> _Exercise material_
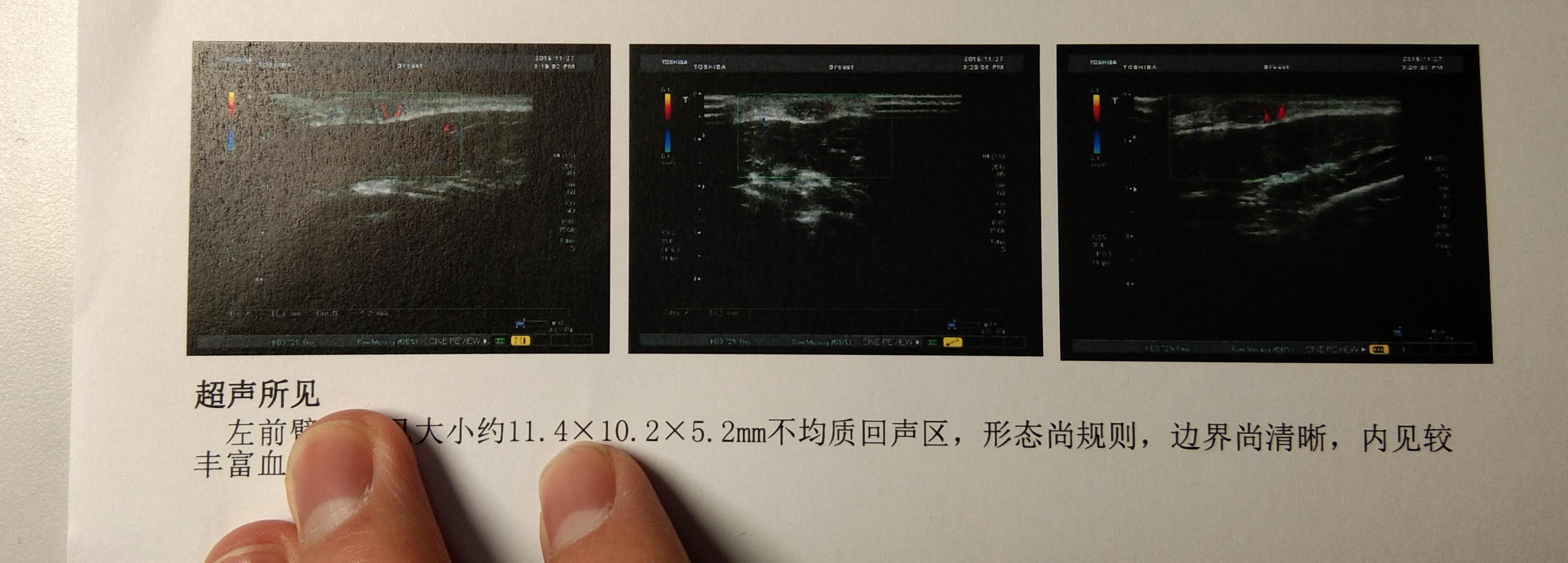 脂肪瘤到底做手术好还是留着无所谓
...
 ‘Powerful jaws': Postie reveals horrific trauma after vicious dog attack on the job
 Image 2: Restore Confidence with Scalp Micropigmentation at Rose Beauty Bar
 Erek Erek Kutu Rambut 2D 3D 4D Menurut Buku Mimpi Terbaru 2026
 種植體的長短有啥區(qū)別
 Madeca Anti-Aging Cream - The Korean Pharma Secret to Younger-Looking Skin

> _Task objective_
With the first line being the one containing "種植體的長短有啥區(qū)別" and the last line the one containing "Madeca Anti-Aging Cream", transcribe exactly the lines above that fall in that range.

> _Answer section_
 種植體的長短有啥區(qū)別
 Madeca Anti-Aging Cream - The Korean Pharma Secret to Younger-Looking Skin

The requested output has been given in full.